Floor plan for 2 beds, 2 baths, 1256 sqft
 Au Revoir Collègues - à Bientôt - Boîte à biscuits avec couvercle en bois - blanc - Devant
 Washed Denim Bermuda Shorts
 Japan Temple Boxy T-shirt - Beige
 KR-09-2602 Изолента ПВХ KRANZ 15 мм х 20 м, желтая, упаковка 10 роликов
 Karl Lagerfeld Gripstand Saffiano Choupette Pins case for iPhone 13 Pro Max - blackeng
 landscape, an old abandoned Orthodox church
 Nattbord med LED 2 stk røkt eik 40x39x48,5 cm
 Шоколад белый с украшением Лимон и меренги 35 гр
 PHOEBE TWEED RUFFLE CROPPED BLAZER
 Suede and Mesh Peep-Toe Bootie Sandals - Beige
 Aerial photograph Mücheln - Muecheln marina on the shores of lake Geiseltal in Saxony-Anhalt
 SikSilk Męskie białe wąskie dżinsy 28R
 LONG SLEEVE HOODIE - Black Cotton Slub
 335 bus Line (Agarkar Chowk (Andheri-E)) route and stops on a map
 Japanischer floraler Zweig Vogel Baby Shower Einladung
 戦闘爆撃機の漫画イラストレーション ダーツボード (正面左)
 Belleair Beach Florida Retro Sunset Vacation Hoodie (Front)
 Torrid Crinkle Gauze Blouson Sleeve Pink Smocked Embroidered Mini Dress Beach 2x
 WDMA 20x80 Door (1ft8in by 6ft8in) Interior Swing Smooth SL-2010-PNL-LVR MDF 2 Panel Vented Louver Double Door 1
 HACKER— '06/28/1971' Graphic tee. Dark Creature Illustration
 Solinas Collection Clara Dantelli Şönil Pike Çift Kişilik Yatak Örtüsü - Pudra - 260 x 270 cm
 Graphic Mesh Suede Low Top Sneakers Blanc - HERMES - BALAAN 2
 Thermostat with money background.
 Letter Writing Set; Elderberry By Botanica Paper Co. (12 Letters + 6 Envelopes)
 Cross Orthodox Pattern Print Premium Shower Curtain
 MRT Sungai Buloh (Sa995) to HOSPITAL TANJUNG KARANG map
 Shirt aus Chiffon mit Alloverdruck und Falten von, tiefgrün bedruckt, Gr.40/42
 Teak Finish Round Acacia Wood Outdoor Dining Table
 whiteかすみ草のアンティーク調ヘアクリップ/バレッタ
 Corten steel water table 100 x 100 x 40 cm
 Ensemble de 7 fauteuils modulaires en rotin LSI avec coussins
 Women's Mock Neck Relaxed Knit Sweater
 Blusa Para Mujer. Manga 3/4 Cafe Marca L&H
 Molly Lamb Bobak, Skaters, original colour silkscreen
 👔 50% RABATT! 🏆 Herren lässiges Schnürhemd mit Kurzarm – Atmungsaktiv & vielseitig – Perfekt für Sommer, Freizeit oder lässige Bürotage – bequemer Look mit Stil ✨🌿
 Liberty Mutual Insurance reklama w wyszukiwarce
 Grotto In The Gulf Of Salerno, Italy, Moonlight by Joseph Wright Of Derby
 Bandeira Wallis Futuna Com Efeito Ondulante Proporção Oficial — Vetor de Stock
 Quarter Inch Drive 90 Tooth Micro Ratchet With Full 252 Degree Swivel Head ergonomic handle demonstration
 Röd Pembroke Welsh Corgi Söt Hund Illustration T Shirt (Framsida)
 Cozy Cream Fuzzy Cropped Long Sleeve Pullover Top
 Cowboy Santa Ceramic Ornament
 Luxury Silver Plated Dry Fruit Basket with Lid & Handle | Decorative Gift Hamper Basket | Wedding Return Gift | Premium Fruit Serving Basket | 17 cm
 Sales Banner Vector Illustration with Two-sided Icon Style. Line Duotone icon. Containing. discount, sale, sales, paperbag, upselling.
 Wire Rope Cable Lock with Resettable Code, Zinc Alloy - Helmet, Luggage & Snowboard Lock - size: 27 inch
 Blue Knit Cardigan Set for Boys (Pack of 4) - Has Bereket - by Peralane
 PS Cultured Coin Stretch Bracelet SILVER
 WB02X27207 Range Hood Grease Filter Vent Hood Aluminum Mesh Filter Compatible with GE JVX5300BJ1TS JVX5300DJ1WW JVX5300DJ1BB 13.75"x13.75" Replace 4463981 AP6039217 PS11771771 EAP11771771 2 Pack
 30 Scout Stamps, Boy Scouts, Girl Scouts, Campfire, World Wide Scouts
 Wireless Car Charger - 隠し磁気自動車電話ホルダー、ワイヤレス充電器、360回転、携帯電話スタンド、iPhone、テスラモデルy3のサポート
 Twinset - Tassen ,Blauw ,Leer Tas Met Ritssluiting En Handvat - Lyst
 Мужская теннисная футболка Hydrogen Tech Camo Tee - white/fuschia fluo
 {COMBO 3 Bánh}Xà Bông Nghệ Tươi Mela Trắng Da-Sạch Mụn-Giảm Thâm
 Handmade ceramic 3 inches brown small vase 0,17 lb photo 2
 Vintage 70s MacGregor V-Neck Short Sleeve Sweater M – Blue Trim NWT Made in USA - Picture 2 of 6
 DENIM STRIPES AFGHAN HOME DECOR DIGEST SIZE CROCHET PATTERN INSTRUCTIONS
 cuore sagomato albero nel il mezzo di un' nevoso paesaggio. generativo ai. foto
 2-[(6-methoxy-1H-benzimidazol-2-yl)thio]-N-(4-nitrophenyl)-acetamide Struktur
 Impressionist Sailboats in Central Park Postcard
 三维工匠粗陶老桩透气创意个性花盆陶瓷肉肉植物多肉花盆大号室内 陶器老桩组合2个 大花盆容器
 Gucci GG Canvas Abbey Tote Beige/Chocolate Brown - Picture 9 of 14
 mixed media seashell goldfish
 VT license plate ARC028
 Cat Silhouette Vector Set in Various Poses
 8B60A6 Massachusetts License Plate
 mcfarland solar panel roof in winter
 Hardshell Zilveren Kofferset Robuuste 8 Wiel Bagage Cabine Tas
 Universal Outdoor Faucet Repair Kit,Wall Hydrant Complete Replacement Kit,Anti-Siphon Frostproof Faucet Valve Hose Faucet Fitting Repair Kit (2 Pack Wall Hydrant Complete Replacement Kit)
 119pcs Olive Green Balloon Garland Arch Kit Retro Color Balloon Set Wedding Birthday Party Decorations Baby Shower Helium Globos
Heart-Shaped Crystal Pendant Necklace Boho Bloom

ACTIVITY:
Copy word for word the stretch of entries above from the line that has "Bandeira Wallis Futuna" through the line that has "Twinset - Tassen", both ends included, and nothing outside it.

ANSWER SPACE:
 Bandeira Wallis Futuna Com Efeito Ondulante Proporção Oficial — Vetor de Stock
 Quarter Inch Drive 90 Tooth Micro Ratchet With Full 252 Degree Swivel Head ergonomic handle demonstration
 Röd Pembroke Welsh Corgi Söt Hund Illustration T Shirt (Framsida)
 Cozy Cream Fuzzy Cropped Long Sleeve Pullover Top
 Cowboy Santa Ceramic Ornament
 Luxury Silver Plated Dry Fruit Basket with Lid & Handle | Decorative Gift Hamper Basket | Wedding Return Gift | Premium Fruit Serving Basket | 17 cm
 Sales Banner Vector Illustration with Two-sided Icon Style. Line Duotone icon. Containing. discount, sale, sales, paperbag, upselling.
 Wire Rope Cable Lock with Resettable Code, Zinc Alloy - Helmet, Luggage & Snowboard Lock - size: 27 inch
 Blue Knit Cardigan Set for Boys (Pack of 4) - Has Bereket - by Peralane
 PS Cultured Coin Stretch Bracelet SILVER
 WB02X27207 Range Hood Grease Filter Vent Hood Aluminum Mesh Filter Compatible with GE JVX5300BJ1TS JVX5300DJ1WW JVX5300DJ1BB 13.75"x13.75" Replace 4463981 AP6039217 PS11771771 EAP11771771 2 Pack
 30 Scout Stamps, Boy Scouts, Girl Scouts, Campfire, World Wide Scouts
 Wireless Car Charger - 隠し磁気自動車電話ホルダー、ワイヤレス充電器、360回転、携帯電話スタンド、iPhone、テスラモデルy3のサポート
 Twinset - Tassen ,Blauw ,Leer Tas Met Ritssluiting En Handvat - Lyst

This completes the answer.